TASK REQUIREMENTS
Set down, character for character, everything in the records below from the line holding "muslim family doing" down to the line holding "18Pcs Sublimation Accessories, Tshirt", and no other line.

DATA SHOWN
*** Block opens ***

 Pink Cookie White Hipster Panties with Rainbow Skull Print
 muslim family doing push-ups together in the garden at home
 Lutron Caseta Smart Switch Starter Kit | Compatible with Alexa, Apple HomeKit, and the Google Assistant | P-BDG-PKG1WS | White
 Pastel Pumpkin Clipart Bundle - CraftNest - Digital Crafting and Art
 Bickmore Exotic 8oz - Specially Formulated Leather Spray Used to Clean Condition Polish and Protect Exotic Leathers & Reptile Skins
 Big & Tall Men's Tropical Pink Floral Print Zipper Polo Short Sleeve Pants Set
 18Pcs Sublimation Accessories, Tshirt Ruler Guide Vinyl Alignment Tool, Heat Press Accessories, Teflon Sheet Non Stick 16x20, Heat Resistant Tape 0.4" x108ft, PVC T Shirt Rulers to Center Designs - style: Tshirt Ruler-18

*** Block closes ***
*** Block opens ***

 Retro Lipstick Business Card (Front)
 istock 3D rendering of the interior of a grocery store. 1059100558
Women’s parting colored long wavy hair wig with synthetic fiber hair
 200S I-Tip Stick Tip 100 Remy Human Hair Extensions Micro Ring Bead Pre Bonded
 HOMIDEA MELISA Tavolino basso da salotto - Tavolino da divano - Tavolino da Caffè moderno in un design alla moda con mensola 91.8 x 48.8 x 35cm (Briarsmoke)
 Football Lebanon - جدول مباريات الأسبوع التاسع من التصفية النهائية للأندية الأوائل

*** Block closes ***
*** Block opens ***

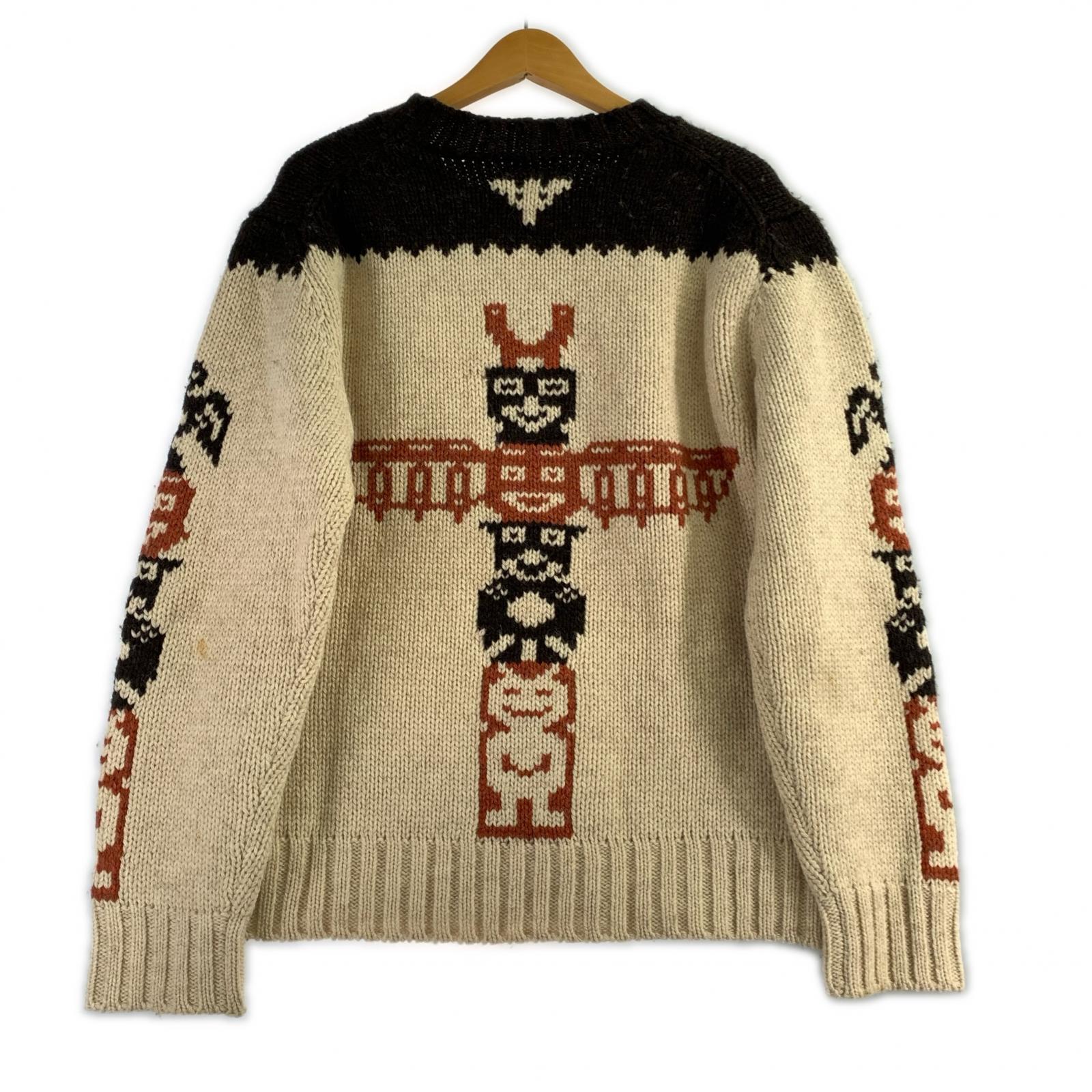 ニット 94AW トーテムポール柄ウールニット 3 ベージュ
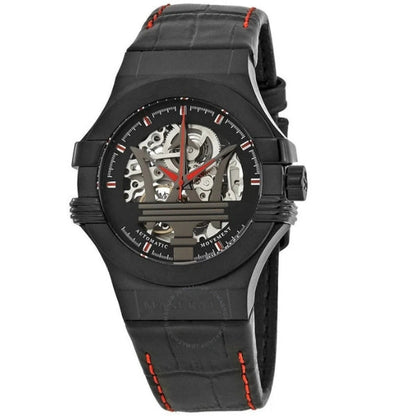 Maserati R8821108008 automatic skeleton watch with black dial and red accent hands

*** Block closes ***

SOLUTION TO THE EXERCISE
 muslim family doing push-ups together in the garden at home
 Lutron Caseta Smart Switch Starter Kit | Compatible with Alexa, Apple HomeKit, and the Google Assistant | P-BDG-PKG1WS | White
 Pastel Pumpkin Clipart Bundle - CraftNest - Digital Crafting and Art
 Bickmore Exotic 8oz - Specially Formulated Leather Spray Used to Clean Condition Polish and Protect Exotic Leathers & Reptile Skins
 Big & Tall Men's Tropical Pink Floral Print Zipper Polo Short Sleeve Pants Set
 18Pcs Sublimation Accessories, Tshirt Ruler Guide Vinyl Alignment Tool, Heat Press Accessories, Teflon Sheet Non Stick 16x20, Heat Resistant Tape 0.4" x108ft, PVC T Shirt Rulers to Center Designs - style: Tshirt Ruler-18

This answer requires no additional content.